The Pistons spent the offseason constructing a similar group of individually talented stars, but what last night proved was the lack of coherency in Detroit's current makeup. Much has been made of how the Pistons' revamped frontcourt would perform. The common belief was that, though it may struggle on offense, the defense should be as stout as any frontcourt in the league. Unfortunately, that's not really how things have gone.

To start the game last night, the big frontcourt lineup dug the Pistons into a 29-14 hole in the first quarter. When the second quarter opened and the second unit hit the floor, the team roared back, allowing the Pacers to score only 9 points in the second quarter while putting up 27 of their own. You may be saying to yourself, "But one bad quarter does not indicate a long-term trend." And I'll counter with the Pacers regaining and pushing out their lead with a 36-22 third quarter when the Pistons' frontcourt returned intact. The Pacers present a unique challenge, the kind of team that can go blow-for-blow with an overpowering front line that of the Pistons, so it's possible that this was simply a poor matchup for a team trying to find its footing.

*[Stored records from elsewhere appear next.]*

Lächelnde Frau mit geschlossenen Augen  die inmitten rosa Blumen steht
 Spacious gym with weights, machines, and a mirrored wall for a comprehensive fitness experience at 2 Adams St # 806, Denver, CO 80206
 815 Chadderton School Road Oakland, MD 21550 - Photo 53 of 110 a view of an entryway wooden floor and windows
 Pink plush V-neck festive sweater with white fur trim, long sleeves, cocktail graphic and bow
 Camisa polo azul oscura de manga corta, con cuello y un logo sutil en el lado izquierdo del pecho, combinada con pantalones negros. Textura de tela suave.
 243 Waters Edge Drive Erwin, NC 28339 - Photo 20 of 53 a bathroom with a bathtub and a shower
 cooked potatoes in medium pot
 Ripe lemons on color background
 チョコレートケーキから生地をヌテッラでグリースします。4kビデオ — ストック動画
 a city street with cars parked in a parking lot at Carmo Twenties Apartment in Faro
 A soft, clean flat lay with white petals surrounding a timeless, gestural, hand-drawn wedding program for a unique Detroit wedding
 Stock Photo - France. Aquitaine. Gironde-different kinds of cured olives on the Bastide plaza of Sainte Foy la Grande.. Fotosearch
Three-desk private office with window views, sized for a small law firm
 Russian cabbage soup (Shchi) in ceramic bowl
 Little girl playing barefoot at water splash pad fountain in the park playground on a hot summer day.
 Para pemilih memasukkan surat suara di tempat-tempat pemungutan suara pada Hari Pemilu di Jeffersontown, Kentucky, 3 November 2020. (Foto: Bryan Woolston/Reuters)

Unfortunately, the Monroe/Drummond/Smith frontcourt has been very bad through four games this season. According to NBA.com/stats 3-man rotation metrics, per 100 possessions that trio has a -17.3 rating. In other words, the Pistons find themselves in a 17-point deficit for every 100 possessions that the starting frontcourt is together. If you were wondering, that's the 104th best three-man lineup the team has deployed this season. The abysmal 97.7 offensive rating and 115.0 defensive rating are both some of the worst three-man lineups the team has played this season. With caveats about small sample sizes and the need to further gel noted, there is something broken here, and Mo Cheeks is going to need to figure out what it is before things go awry quickly.

Assorted thoughts

Jennings and Smith. Josh Smith took 16 shots and Brandon Jennings took 20. Combined, the other three starters took only 20 shots. The efficiency is about what you'd expect: Jennings and Smith were a combined 11-36 (2-12 on three pointers) while the other starters went 10-20. I'm OK with this shot distribution in general. Jennings took 8 shots in the fourth quarter, many of which were desperation heaves as the Pistons tried to get out of a hole. But Josh Smith took another 6 three pointers in this game with predictable results. Not unassociated with the frontcourt trio's poor net efficiency, Smith's tendency to take outside shots is exactly as problematic as everyone feared before the season.

KCP/Datome sightings. Gigi Datome got into the action early last night, earning non-garbage time minutes and turning in a garbage time performance: 1-7 (0-4 3FG) and some of the worst defense the team has displayed all year. Datome is clearly not ready for the speed and physicality of the American game yet, and if he can't start connecting on some of the wide-open shots he's given, his value to the team will quickly fall to zero. KCP, meanwhile, saw his first action since Rodney Stuckey returned and dropped in 5 points on two shots, and displayed the same tenacious defense he had become known for. He was a major part of the fourth quarter near-comeback and allowed the Pistons to open up the floor on the offensive end. He needs more minutes in this offense.

Rodney Stuckey is the ghost of Corey Maggette. Rodney Stuckey is not a bad basketball player. His ability to get to the rim and draw fouls makes him a valuable asset for a lot of teams. Just not the Pistons, whose spacing requires a lot more than a slashing combo guard. What Stuckey offers the team, even with one of the big-three frontcourt players on the bench, doesn't gel with the composition of the offense. KCP needs minutes and the Pistons need floor spacers. I hope/assume that in coming games, Stuckey will find his minutes diminishing as KCP takes a bigger role on the team.

Next up
The Pistons welcome Kevin Durant and the Thunder to the Palace on Friday. If the Thunder play a small lineup (with Durant at the power forward position), it will be interesting to see how Mo Cheeks counters. I imagine he starts with Andre Drummond on the bench, but I'd much rather see Drummond go against Serge Ibaka to start the game and bring Monroe off the bench for an offensive boost.